The second one is a much more difficult risk to manage. Most of the traffic for these sites comes from Google. That is a huge risk that you essentially have no control over. Some will say that there are things you can do to prevent losing your google ranking and yes, I agree with that. But its not a perfect solution, that always works and in my opinion your incoming traffic should be diverisifed. I Look for at least 20-40% direct traffic and 5-20% social traffic.
The third risk is probably the most ‘under-recognized’ by newbies, and the one most relevant to this story. Several years ago, I had plans to purchase a site. It was a high traffic (>50k a month) content site that would create top 10 lists for books. Income was about 1-2k a month, off Google ads and Amazon affiliate links. Got a great deal for around ~28k. Transferred over the site with no issues. Set it up on my own WordPress hosting, replaced all the Google ads and Amazon affiliate links with my own and we were off. Income started to come in similar to what was reported. Things were good for about a week or two until I got an email from Amazon. “Your Amazon affiliate account has been denied”. Well that is weird I thought to myself. I tried again with a different account and eventually tried multiple different times to no success. The main reason Amazon gave for my account not being approved was: “lack of original content”.
My interpretation of what happened was that because the seller had a more ‘reputable/older’ Amazon affiliate account they didn’t scrutinize his account as closely. This is a phemonen that I have noticed happening even with Google Adsense recently as well.
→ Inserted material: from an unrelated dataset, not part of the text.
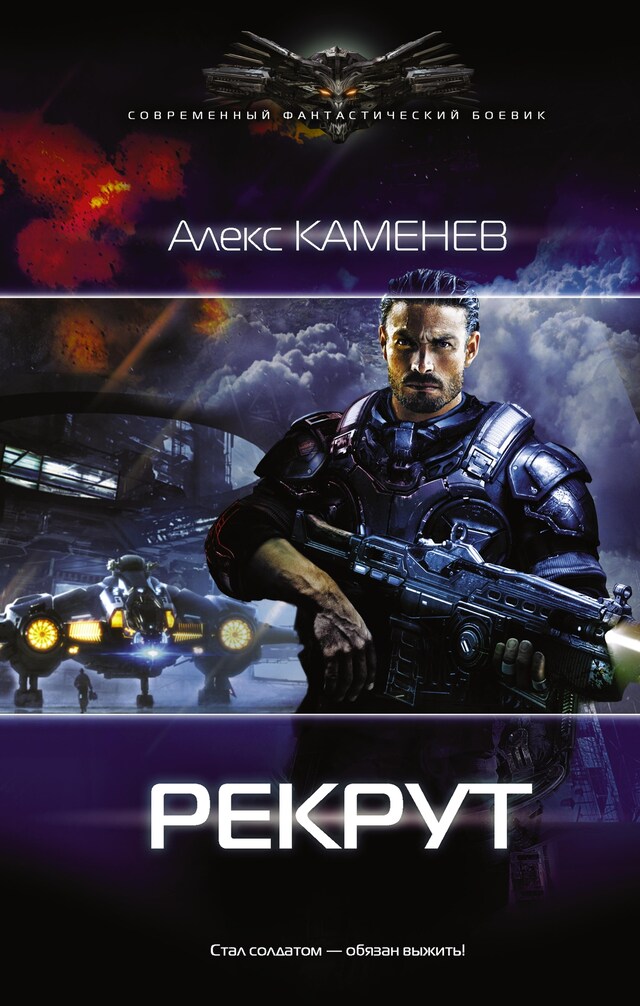 Buchcover für Рекрут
Ultimately, the seller was very reasonable (don’t ever buy from an unreasonable seller) and agreed to refund the money minus a month of lost profit. I’ve always regretted that deal not working out because I had a very nice algorithm written that could have automated a lot of the writing process.
Since this incident I now ask all sellers to replace their ads/links/etc with my own for about 2 weeks, prior to purchasing, just to make sure there weren’t be any hiccups after transferring the site. Many say no and I’m totally ok with that. Just means they either have something to hide or aren’t’ willing to put in a little bit of effort to sell their site.